▸ **Data block**
○ ○ ○ ○ ○ ○ ○
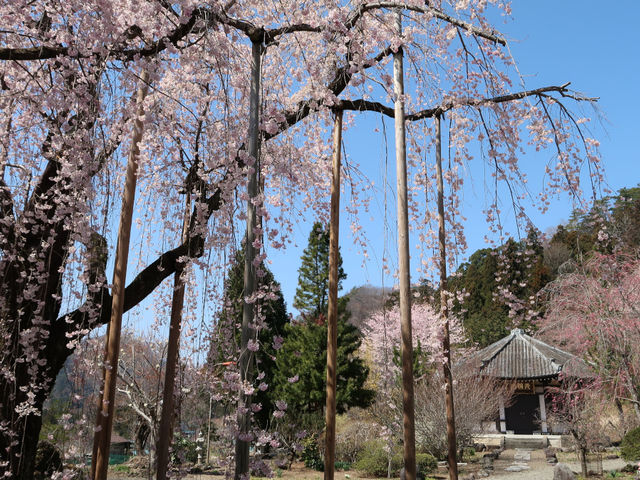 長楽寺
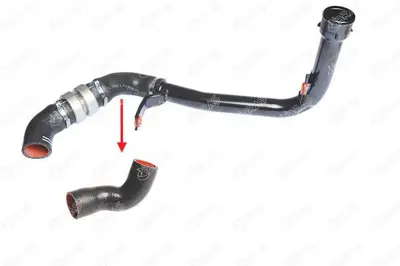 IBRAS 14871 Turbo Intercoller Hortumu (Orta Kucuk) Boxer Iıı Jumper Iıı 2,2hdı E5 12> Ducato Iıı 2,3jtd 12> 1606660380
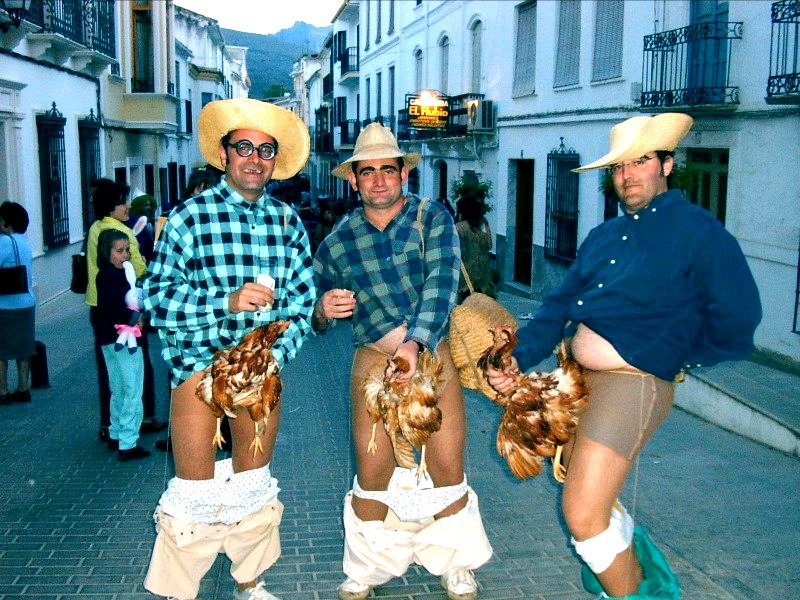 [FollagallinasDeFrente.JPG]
○ ○ ○ ○ ○ ○ ○
▸ **What you need to do**
Would you transcribe the whole listing above exactly? The pictures should not be included.

▸ **Output below**
 長楽寺
 IBRAS 14871 Turbo Intercoller Hortumu (Orta Kucuk) Boxer Iıı Jumper Iıı 2,2hdı E5 12> Ducato Iıı 2,3jtd 12> 1606660380
 [FollagallinasDeFrente.JPG]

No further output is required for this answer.